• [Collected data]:
Content starts
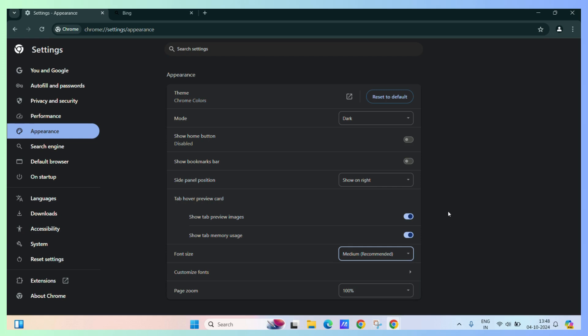Now, you have successfully selected the font size tailored to your preference.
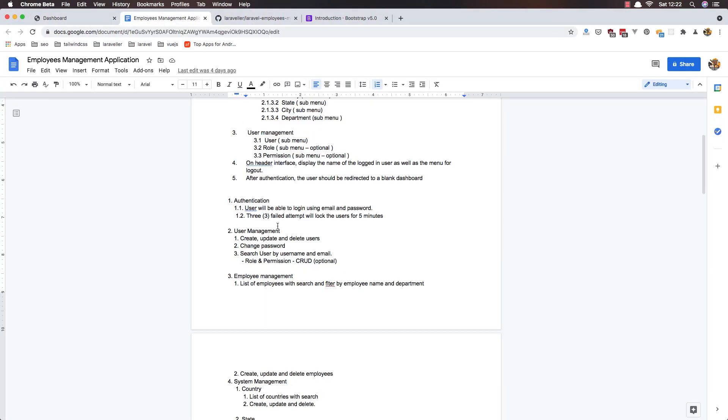And another one. The user will be able to log in with the email and password. And we have this one. So, let's see. We have a 3 failed attempt that will lock the user for 5 minutes.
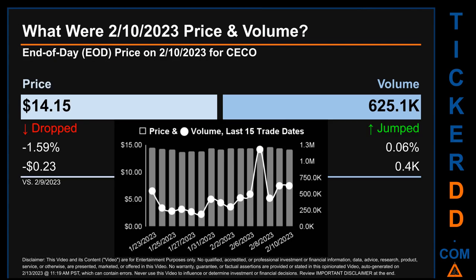Hello, my name is Sam. What was end-of-day price and volume for CECO? On Friday, February 10, 2023, CECO had an end-of-day price of $14.15 and volume of about 625,100. Compared to the previous trading day, the price dropped 1.59%, losing $0.23, while volume jumped 0.06%, increasing by about 400. The graph shows price and volume for the last 15 trade dates. Across a range of $0.90, the max and minimum end-of-day prices were respectively $14.67 and $13.77. Volume saw a range of 995,500, from a day low of 187,900 to a day high of 1.2 million.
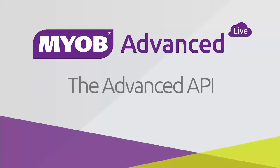Hi, this is Josh from MYOB. This video is an introduction to setting up and using the MYOB Advanced Web Services API.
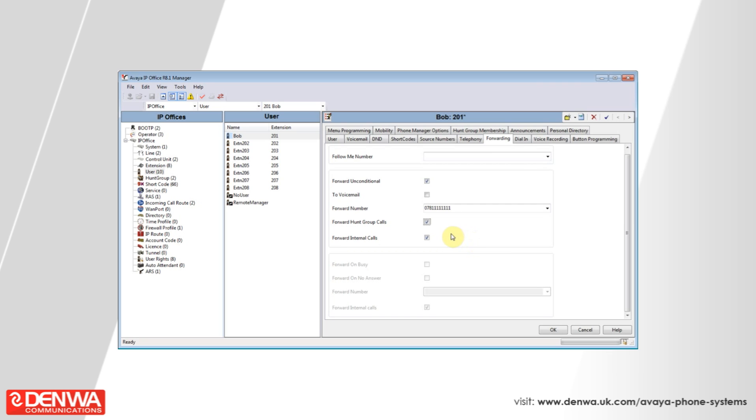Selecting forward unconditional and forward on busy are mutually exclusive and cannot both be selected at the same time. So for this purpose, we'll just untick forward unconditional. This will enable the forward on busy and forward on no answer sections of the forwarding screen.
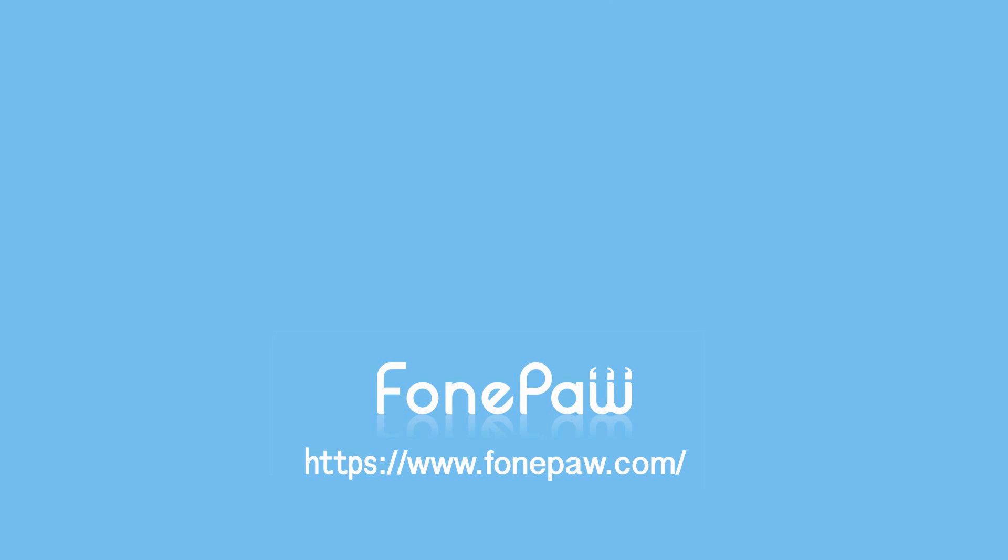That's all. If you want to see more mobile tips, you can subscribe us or go to PhonePaw.com.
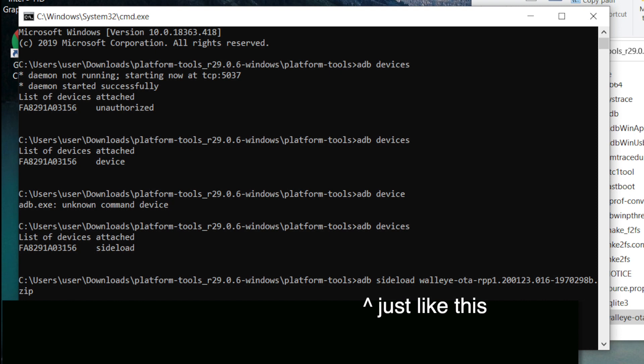At this point, type in 'adb sideload' just like I have it there, and then type in the name of that zipped file. What you can do is actually start typing in that name of the zip file—just the first couple characters—then hit tab and it'll fill in the rest of that folder.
Content ends
• [ASSIGNMENT]: When you reach the line that contains "Selecting forward unconditional", start reproducing, and continue word for word to the end of the records; skip all pictures.

• [SOLUTION TO THE EXERCISE]:
Selecting forward unconditional and forward on busy are mutually exclusive and cannot both be selected at the same time. So for this purpose, we'll just untick forward unconditional. This will enable the forward on busy and forward on no answer sections of the forwarding screen.
That's all. If you want to see more mobile tips, you can subscribe us or go to PhonePaw.com.
At this point, type in 'adb sideload' just like I have it there, and then type in the name of that zipped file. What you can do is actually start typing in that name of the zip file—just the first couple characters—then hit tab and it'll fill in the rest of that folder.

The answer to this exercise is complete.